A faithful copy of the data is the goal; set it down exactly, without the images.

[Data items]
════════════════

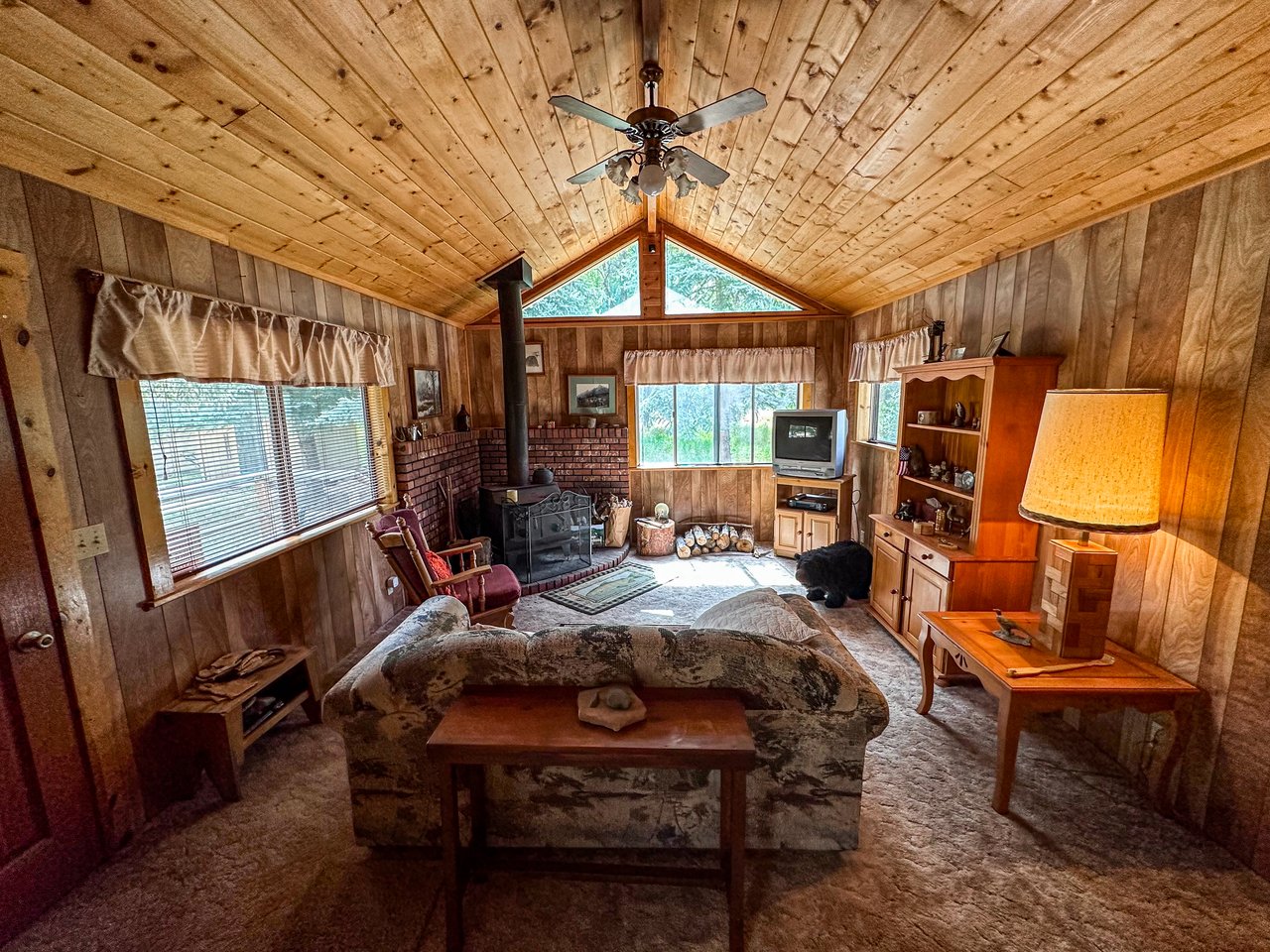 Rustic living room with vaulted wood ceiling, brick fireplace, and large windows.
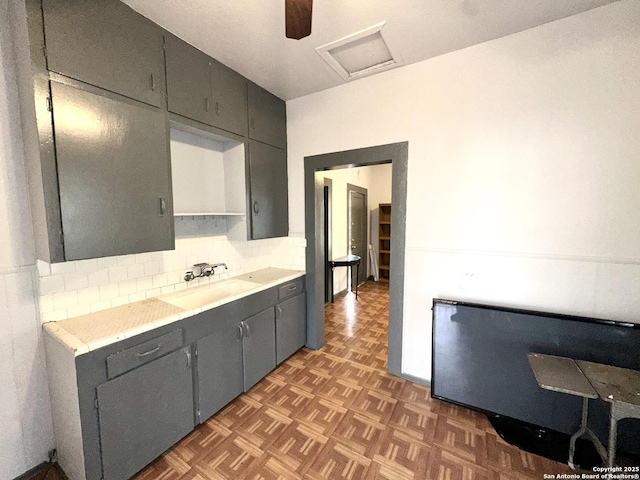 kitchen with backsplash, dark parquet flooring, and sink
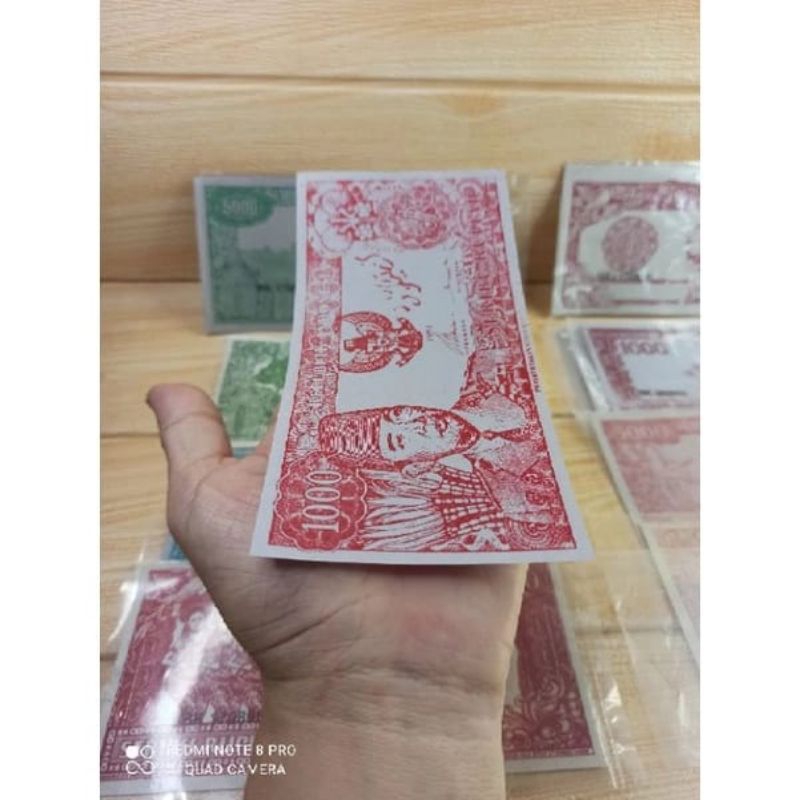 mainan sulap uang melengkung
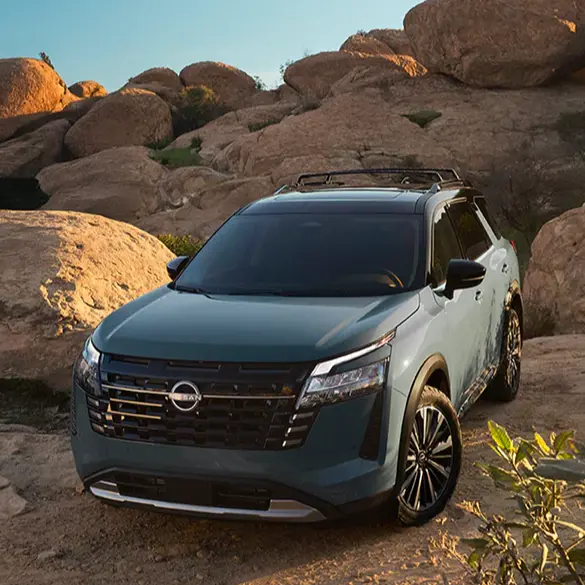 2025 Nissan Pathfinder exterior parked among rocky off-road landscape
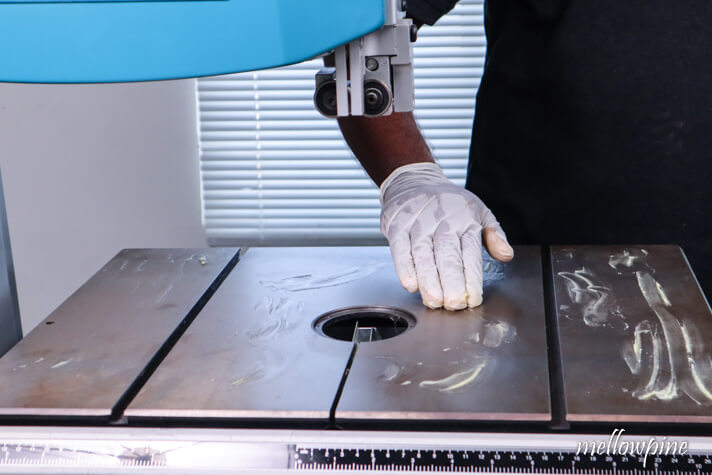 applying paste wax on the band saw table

════════════════

:: Answer section ::
 Rustic living room with vaulted wood ceiling, brick fireplace, and large windows.
 kitchen with backsplash, dark parquet flooring, and sink
 mainan sulap uang melengkung
 2025 Nissan Pathfinder exterior parked among rocky off-road landscape
 applying paste wax on the band saw table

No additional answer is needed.